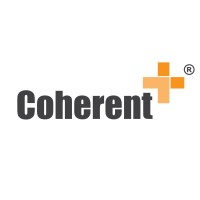 CoherentPlus Group of Companies logo - Similar company to Maxonrow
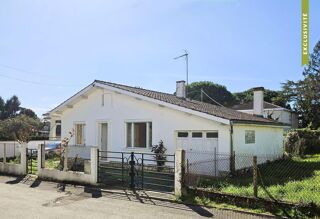  Maison à vendre 4 pièces 87 m²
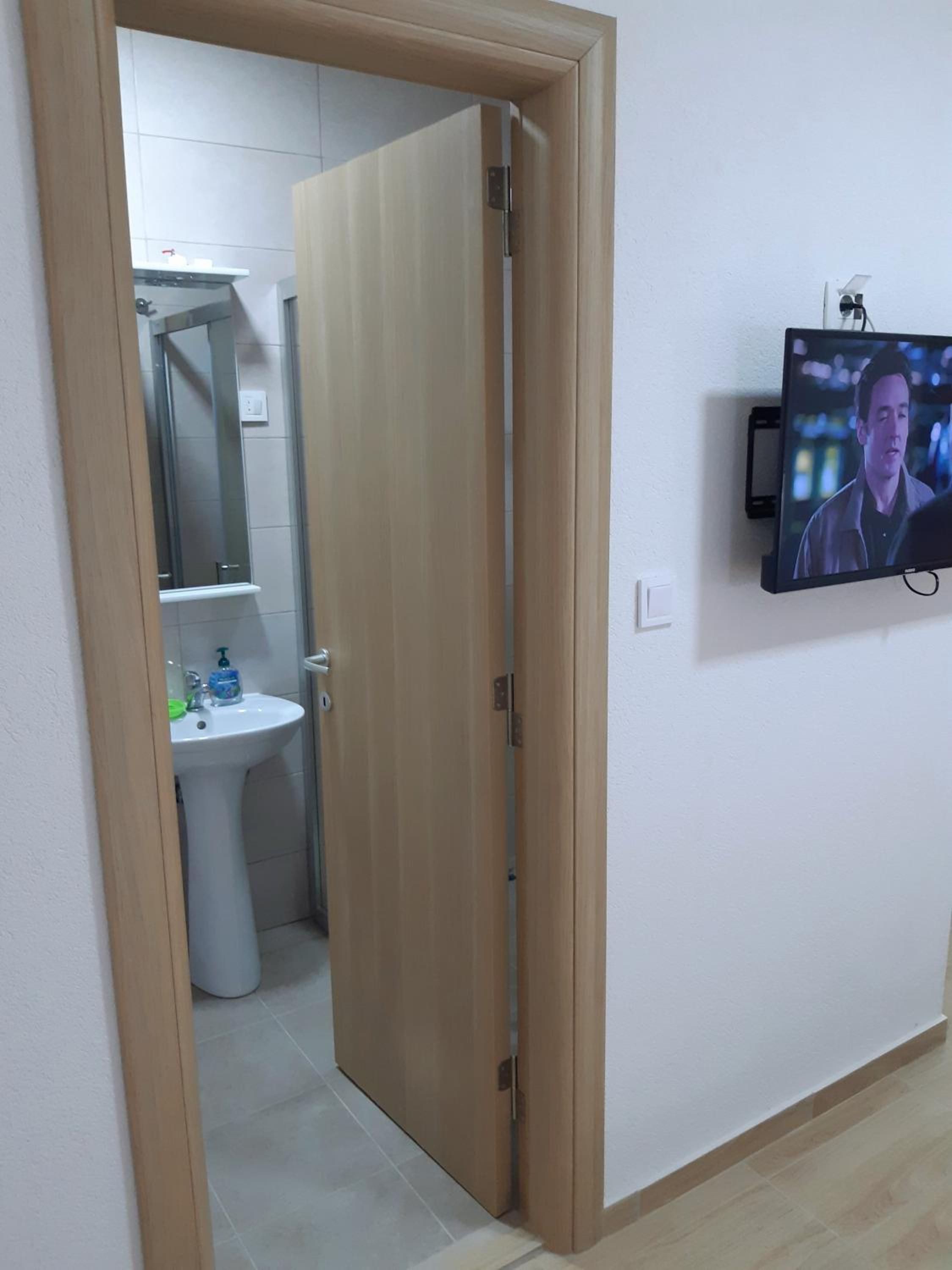 Petar studio apartments Ohrid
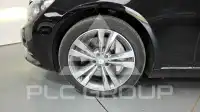 2015 Mercedes Benz S-Class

#### [Activity]
What you return should be all of the material above, exactly, and none of its pictures.

#### [Answer to this task]
 CoherentPlus Group of Companies logo - Similar company to Maxonrow
  Maison à vendre 4 pièces 87 m²
 Petar studio apartments Ohrid
 2015 Mercedes Benz S-Class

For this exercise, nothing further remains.